Davalı vekili, davacının taraflar arasındaki sözleşmeyi ihlali nedeniyle sözleşmenin feshedildiğini, Rekabet Kurulu kararının somut olayla bir ilgisinin bulunmadığını, davacının mahkemede açtığı davanın görevsizlikle kesinleşmesi üzerine tahkime başvurduğunu, iddialar arasında tahkim yargılamasına elverişsiz bir durumun bulunmadığını, kendisi tahkim başvurusu yapan davacının tahkimin görevsiz olduğunu ileri süremeyeceğini savunarak davanın reddini istemiştir.

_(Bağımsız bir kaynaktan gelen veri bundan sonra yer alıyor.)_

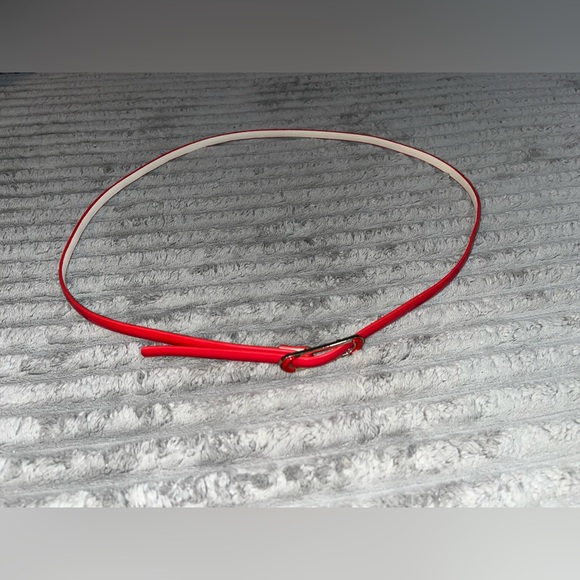 80s Vintage Skinny Red Patent Leather Belt 47” Length - Picture 3 of 7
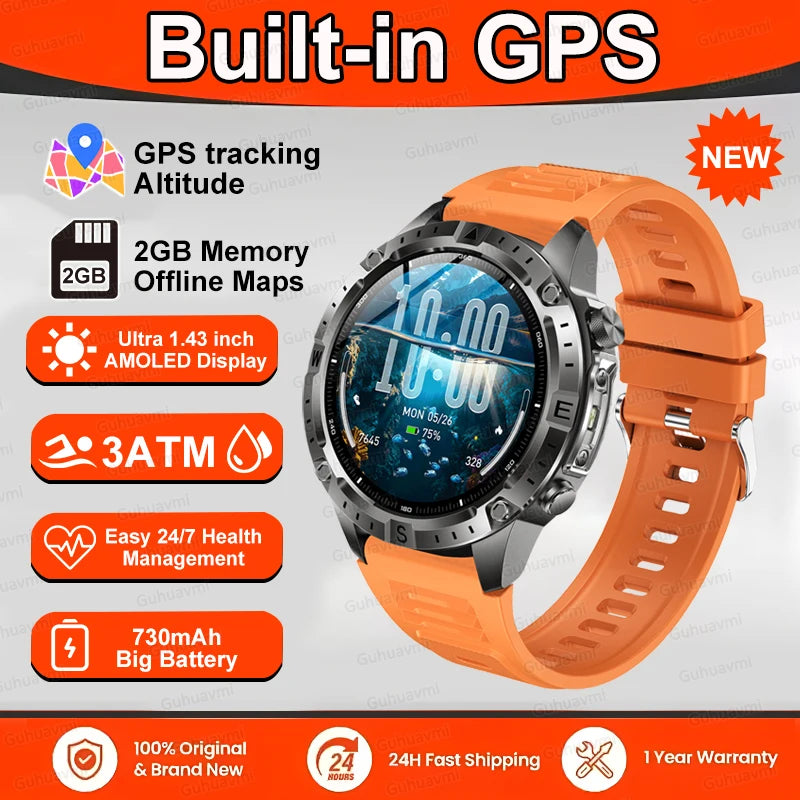 Smart Watch Men GPS Track High End watch Swim Waterproof Smart Watches Swim six axis sensor Sports Smartwatch 2GB Memory GPS Map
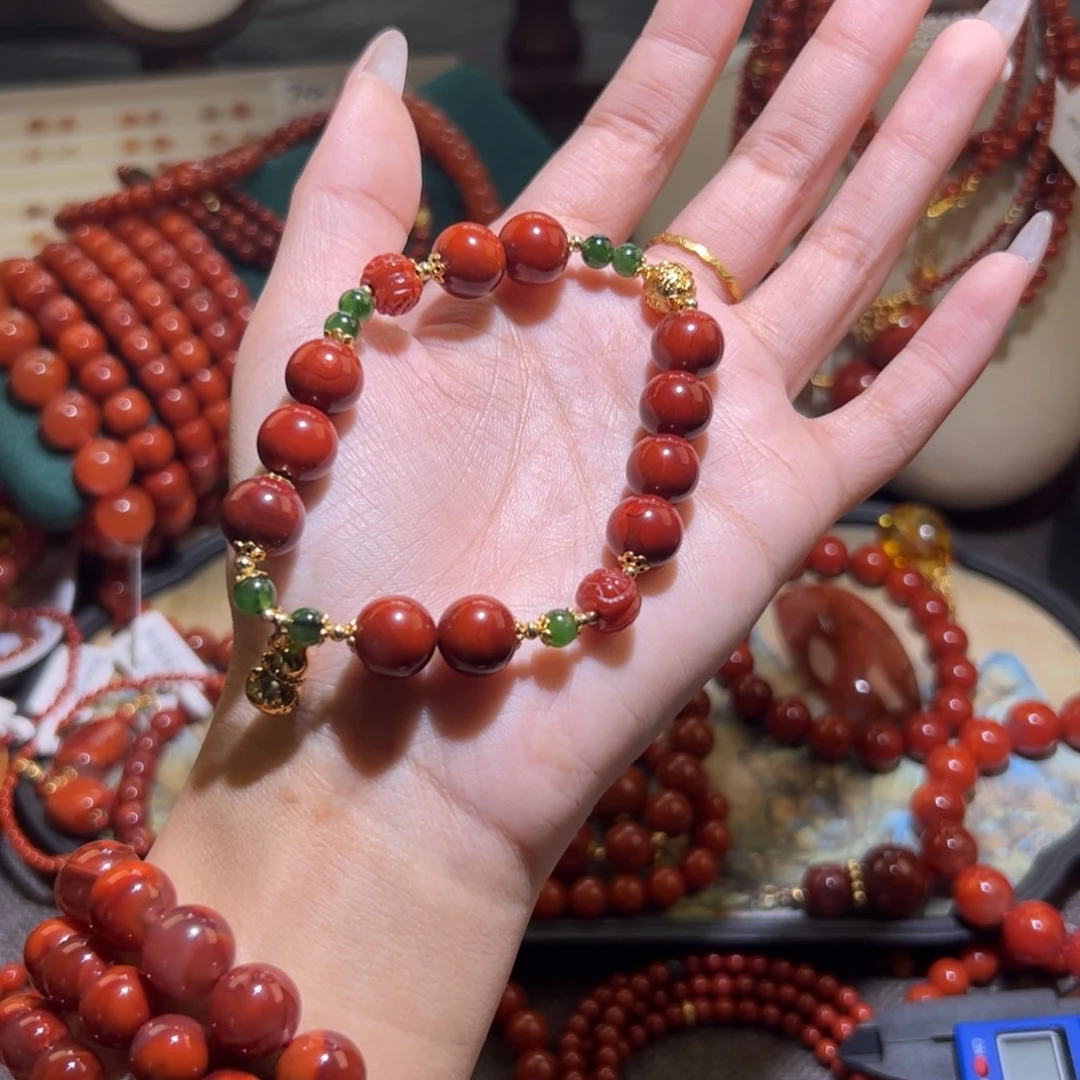 南红玛瑙未镶嵌手链10mm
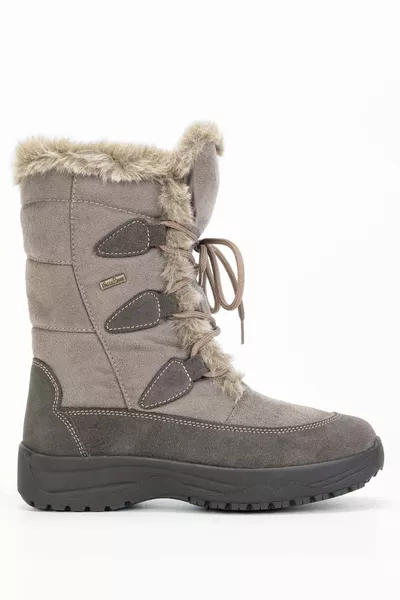 OTHREE Women's Leather & Textile Beige Snow Boots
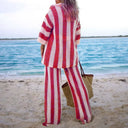 Women's Boho Striped Crochet Two-Piece Set – Beach Vacation Wide Leg Pants Top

Mahkemece, iddia, savunma ve tüm dosya kapsamına göre, davalının haksız rekabetinin tespitine yönelik bir bir talep bulunmayıp Rekabet Kurulu’nun tespit ettiği rekabet ihlali eylemine dayalı ve serbestçe tasarruf edilebilecek tazminat istendiğinden uyuşmazlığın tahkimde görülemeyecek haller arasında yer almadığı, asliye ticaret mahkemesinde açılan davada tahkimin görevli olduğu gerekçesiyle verilen görevsizlik kararının kesinleştiği, tahkimin gerekçesinde “Rekabet Kurulu’nun tespit ettiği ihlallerin davacı ile bir ilgisinin bulunmadığı” ve “davalının sözleşmeyi haklı sebeple feshettiği” yönündeki değerlendirmelerin mahkemece denetlenme imkanının olmadığı, tanık dinlenmediği, bilirkişi incelemesi yapılmadığı, dolayısıyla hukuki dinlenme hakkının ihlal edildiği iddiasına ilişkin olarak hakem heyetinin uzmanlık alanları ile ilgili kendi takdirleriyle bilirkişiden rapor almaksızın karar verebilecekleri, hakemlerin dosyadaki delilleri göre vardıkları sonucun maddi hukuk bağlamında isabetinin iptal davasında değerlendirilemeyeceği, hesaplama yönteminde kamu düzenine bir aykırılık görülmediği, tahkimin dava değeri hususundaki değerlendirmesinin de iptal davasında denetlenemeyeceği, mahkemelerin, tahkim kararlarını bazı hallerde kısmen iptal edebileceği, ancak düzeltme yetkisinin bulunmadığı, iptal davasının, dava dilekçesinde gösterilen iptal sebepleri ile sınırlı olarak görülmesi gerektiği, hakem yargılamasında ileri sürülmeyen bir hususun iptal davasında dinlenemeyeceği gerekçeleriyle davanın reddine karar verilmiştir.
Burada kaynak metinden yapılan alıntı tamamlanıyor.